Die Zukunft des Autohandels in Deutschland ist ungewiss.

(Foto: dpa)

DüsseldorfAuf den ersten Blick wirkt die Welt des Autohandels in Deutschland noch in Ordnung. Die Zahl der Insolvenzen ist zuletzt gesunken, das Servicegeschäft wächst nach Jahren der Stagnation wieder und auch die Investitionen legen zu. 858 Millionen Euro wurden allein im vergangenen Jahr investiert, um die Autohäuser zu modernisieren – fast 46 Prozent mehr als im Vorjahr.

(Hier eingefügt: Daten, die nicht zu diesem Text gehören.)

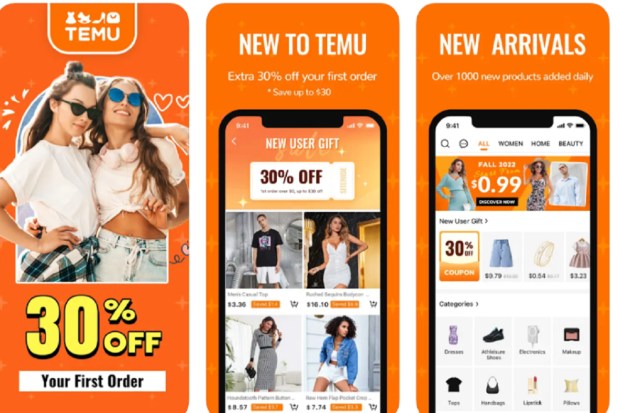 Temu et la tendance de la chasse aux bonnes affaires chez la classe moyenne française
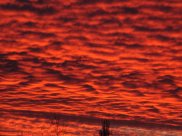 Red Sky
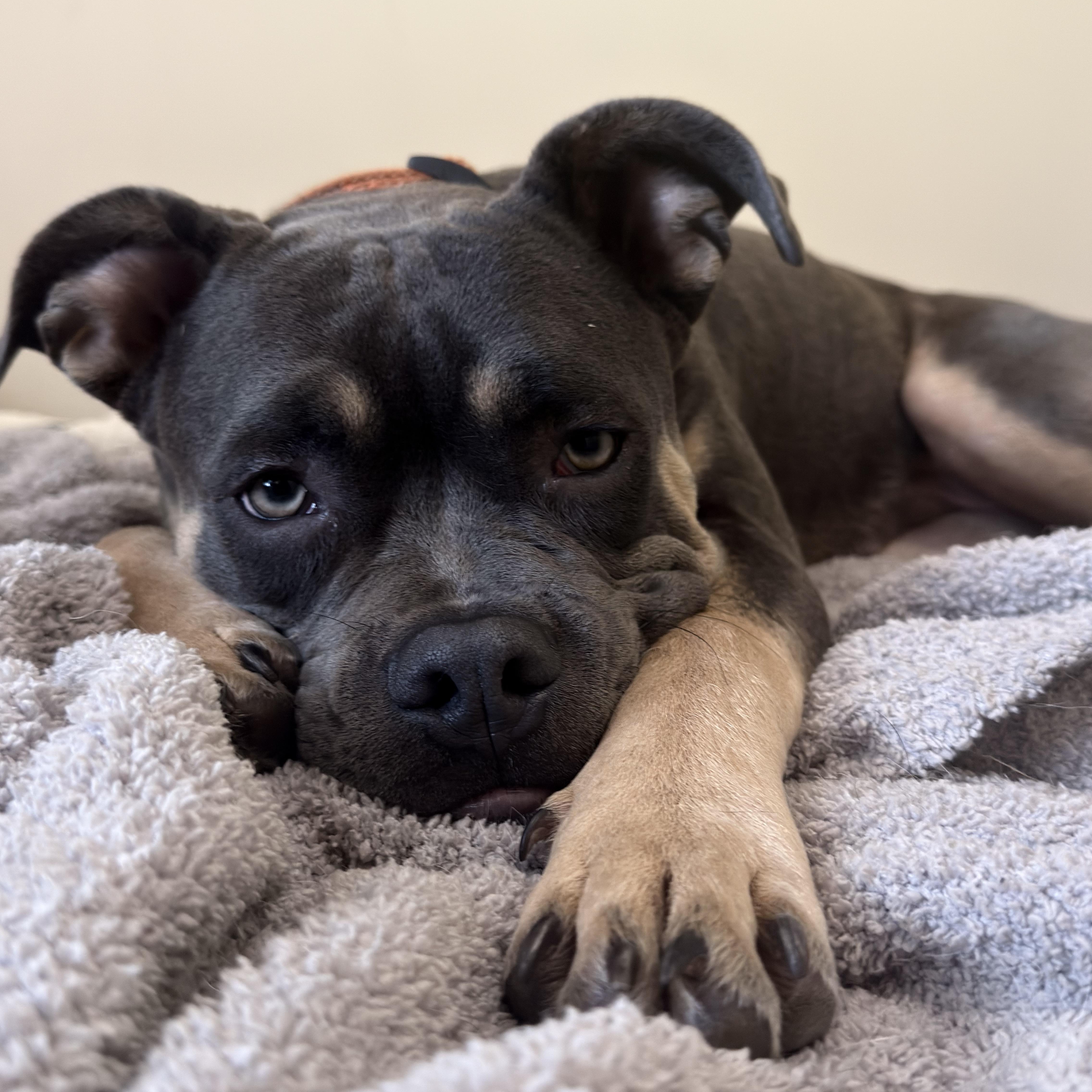 Enlarge Pete, an adopted American Bully in Navarre, FL image 5/5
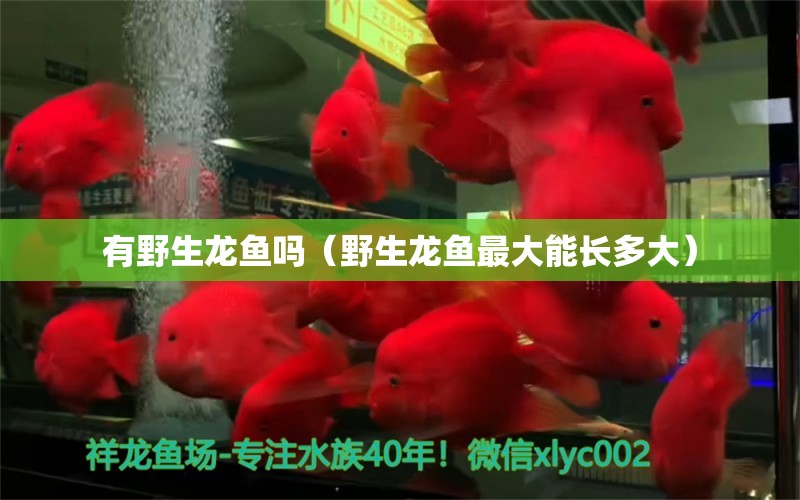 有野生龍魚嗎（野生龍魚最大能長(zhǎng)多大） 水草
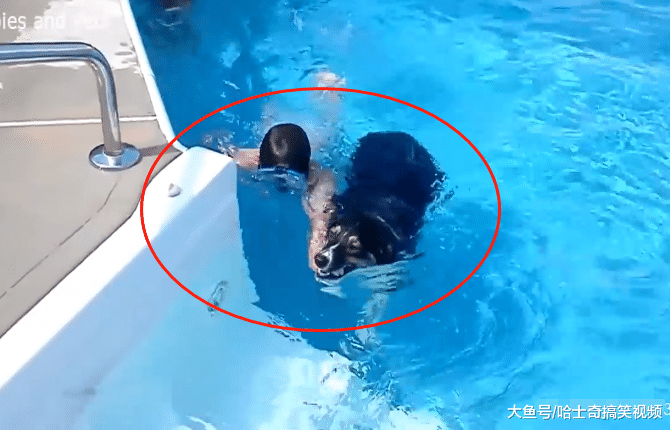 狗狗救“落水”小主人，咬住头发就往岸上拖，太让人暖心了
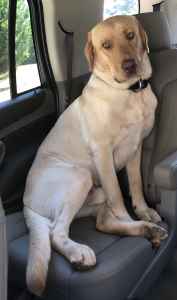 male labrador retriever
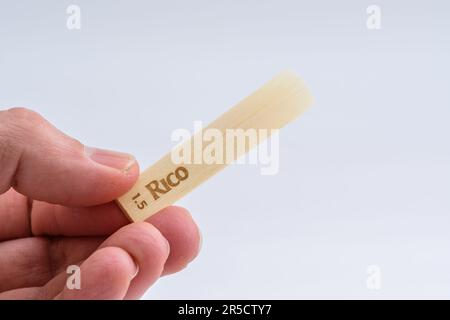 Rico RCA0315 Clarinet Reeds. Reed per Clarinet isoalted su bianco. Stafford, Regno Unito, 2 giugno 2023 Foto Stock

Doch die vermeintlich heile Welt der Autohändler steht vor einem gewaltigen Umbruch. Das zeigt die neue Studie „Autohaus 2025“ des Instituts für Automobilwirtschaft (IFA) im Auftrag der Prüforganisation Dekra. Die Aussichten der Händler sind nach Ansicht der Autoren düster: „Die Entwicklung in der Branche ist an einem Punkt angelangt, wo es tatsächlich um die Grundsatzfrage geht: Hat der stationäre Handel überhaupt noch eine Zukunftschance?“

Der Autohandel, der in Deutschland immer noch rund 460.000 Menschen beschäftigt, leidet unter der Digitalisierung. „Wir rechnen damit, dass die Zahl der Vertragshändler in Deutschland von 6.900 im Jahr 2016 auf 4.500 im Jahr 2020 sinken wird“, sagt Studienautor Willi Diez, Leiter des IFA. Kunden informieren sich vor dem Autokauf schon heute immer stärker im Internet, gehen immer seltener zum Händler. 42 Prozent aller Kunden denken bereits darüber nach, ihr nächstes Auto im Internet zu kaufen.

Die Händler drohen damit ihre Funktion als zentrale Anlaufstelle zu verlieren. In den vergangenen Jahren wurden immer noch 90 Prozent des Absatzvolumens über den vertragsgebundenen Autohandel abgewickelt. Diez sagt voraus, dass der digitale Autohandel künftig einen deutlich höheren Anteil am Geschäft haben wird.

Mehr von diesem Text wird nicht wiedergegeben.